Last week, President Elect Trump picked Scott Bessent as Treasury Secretary and Howard Lutnick as Commerce Secretary. Both are billionaires who made their money on Wall Street and appear to be staunch Trump loyalists. They have publicly supported and defended Trump’s tax policies and will play a role in smoothing out and implementing Trump’s policies.
Speaking of Trump’s policies, he announced this week on his platform Truth Social that he would pursue a 25% tariff on all imports from Mexico as well as Canada. He also threatened an additional 10% tariff on China, which means Trump plans on using tariffs on our #1, #2, and #3 trading partners. In his post, Trump justified the tariffs as a punitive measure until Mexico and Canada stop the flow of drugs, fentanyl in particular, and migrants. He has also blamed China for not stopping shipments of illegal drugs to the US.
Trump’s tariffs are generally thought of as economically unorthodox and economically harmful, but the costs for these tariffs could be especially high because of how close the US-Mexico-Canada economic relationship is. One only needs to take a look at the link between the automotive and energy relationship between the countries to understand the possible havoc Trump is courting. When considering that retaliatory tariffs may occur, such tariffs will likely be to the overall detriment of the US economy.
Octavio Jones/Reuters
US Housing Market
For the last few years, the US housing market has been a tale of woe for many a hopeful homeowner as prices have continually risen accompanied by record high mortgage rates. However, there are some signs of hope and, unfortunately, some signs of woe as well.
In terms of good news, US existing home sales increased in October, leading to the first annual increase since 2021, largely due to a short decline in mortgage rates. October’s home sales jumped 3.4% monthly and 2.9% annually, suggesting that the recent increasing supply of homes, which rose 0.7% monthly and 19.1% annually, may be encouraging homebuying once again.
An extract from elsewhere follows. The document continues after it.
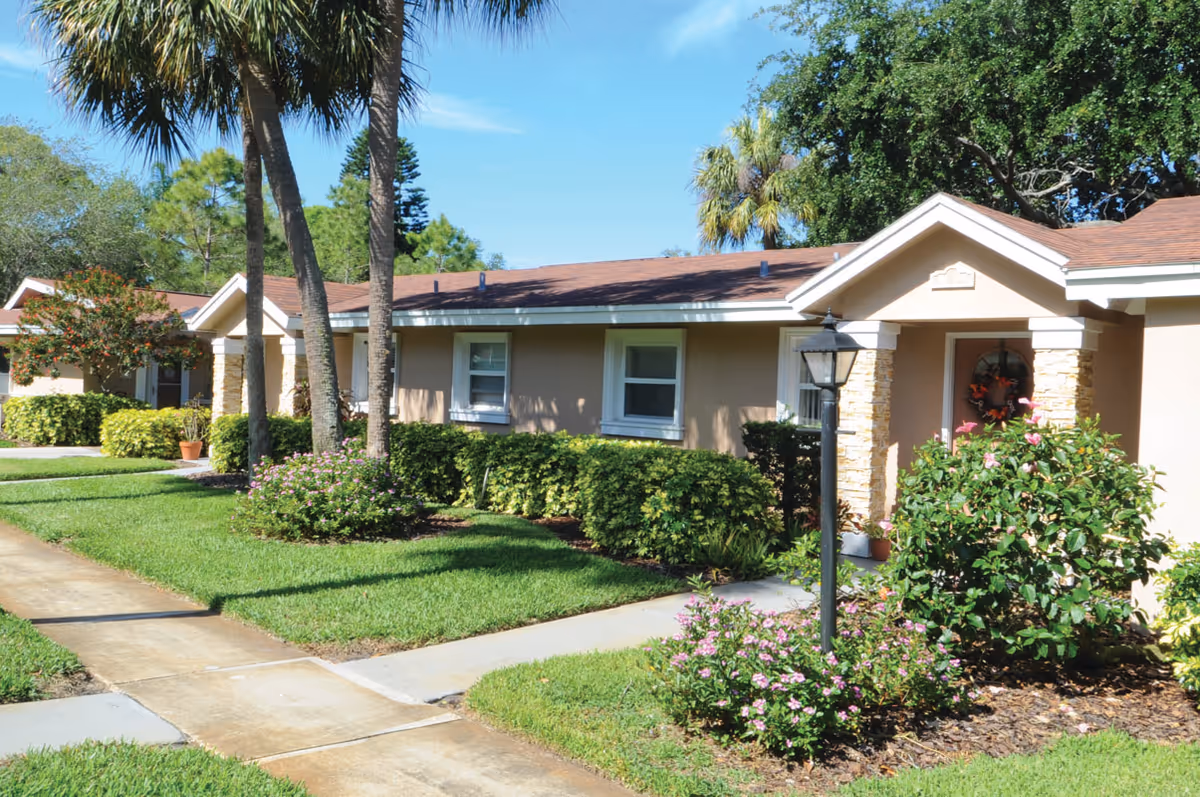 Exterior view of a single-story residential building with beige walls and a brown roof, surrounded by well-maintained green lawns, bushes, palm trees, and flowering plants under a clear blue sky.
In terms of more negative news, Census data shows that October’s building permits dropped by 0.6% monthly and 7.7% from last year. Meanwhile, housing starts fell by 3.1% monthly and 4% annually. Housing completions were a bit more positive at a 4% decrease monthly but a 16.8% annual increase. These reduced figures represent home builders' fears about Trump’s presidency as, despite his promised building deregulation possibly substantially lowering costs, Trump’s deportations are likely to hurt the construction workforce and his tariffs would lead to higher building materials costs and higher inflation, which would lead to higher interest rates.
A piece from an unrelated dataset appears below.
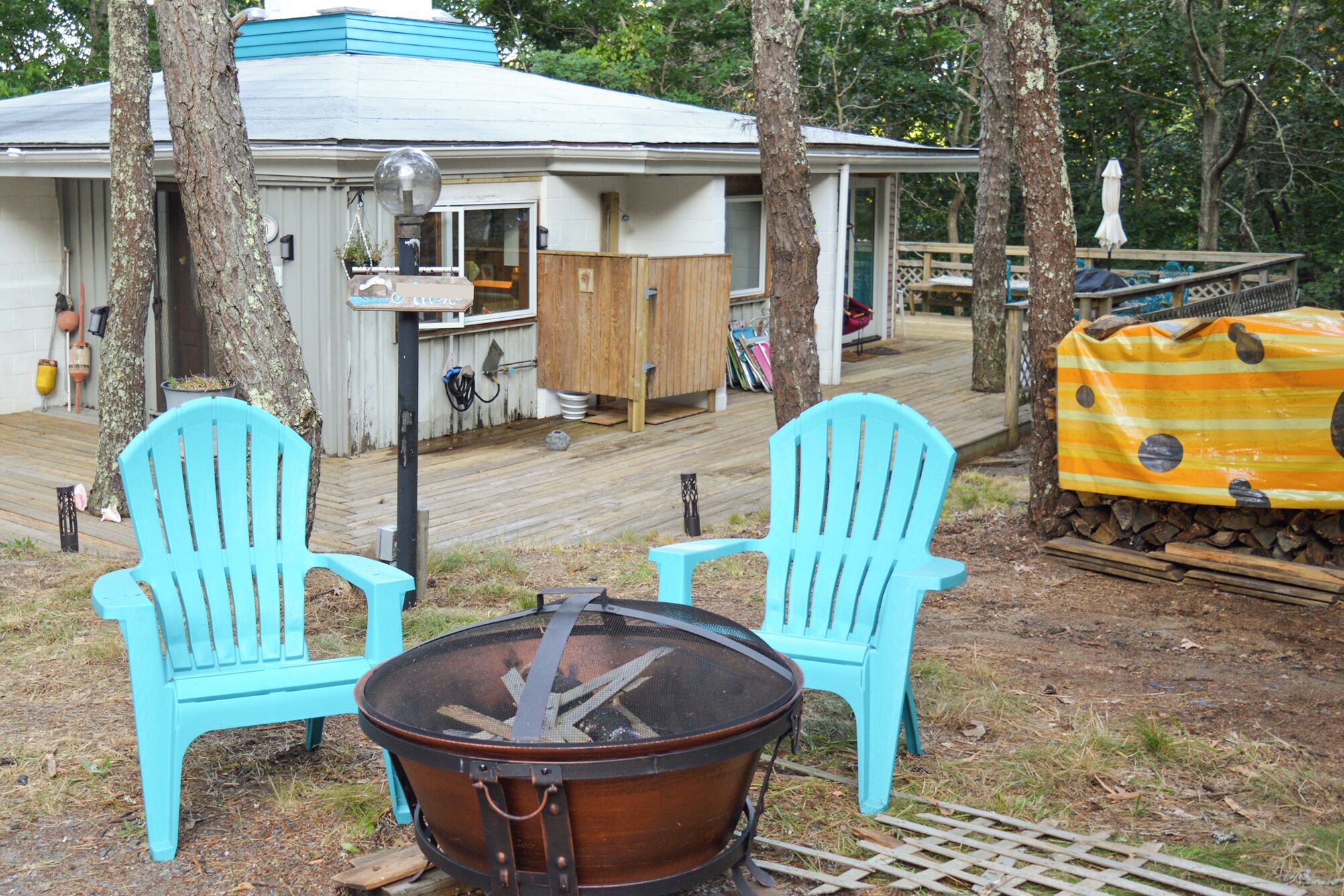 Een rustieke buitenruimte met twee turquoise Adirondack-stoelen, een metalen vuurkuil en een houten terras dat naar een huis met een blauw dak leidt.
Overall, it seems homeowners will have to wait a few more months to see if the housing market will ultimately improve under Trump’s new direction or if it will deteriorate.
PixelsEffect/Getty Images
State of Consumer Spending
American consumers have long borne the cross of high interest rates. However, with rates coming down in recent months, consumer spending seems poised to increase alongside business investment, leading to greater GDP growth.
The latest Census Bureau data seems to confirm this as it reported 0.4% retail sales growth in October, above expectations of 0.3%. Additionally, the newest data revised September’s retail sales growth from 0.4% to 0.8%, showing that consumer spending is still going strong. With the holiday season ahead of us, it seems likely that this strong spending will only continue for the rest of 2024, making 2024 a year of solid American economic progress.
However, there is some nuance to this rosy picture. While Americans have continued spending, their spending has often been at select locations, mostly massive retailers that have the infrastructure to offer low prices, such as Amazon and Walmart. Meanwhile, other retailers have been struggling and closing thousands of stores.
Walmart and Target’s recent earnings reports illustrate this point well. Walmart saw comparable store sales grow 5.3% and adjusted EPS of $0.58, beating estimates of 3.9% and $0.53. Meanwhile, Target’s same store sales grew just 0.3% and EPS was $1.85, below estimates of 1.5% growth and $2.3 EPS.
Weekly Question
Comcast, media conglomerate and feature of today’s first story, is large, but what is its current market cap?
A: $24 billion
B: $9 billion
C: $113 billion
D: $166 billion
Comcast
Answer: D. Despite having fallen in value over the last 5 years, the company is still worth around $166 billion, although we’ll have to wait and see how long that holds after its assets are spun off.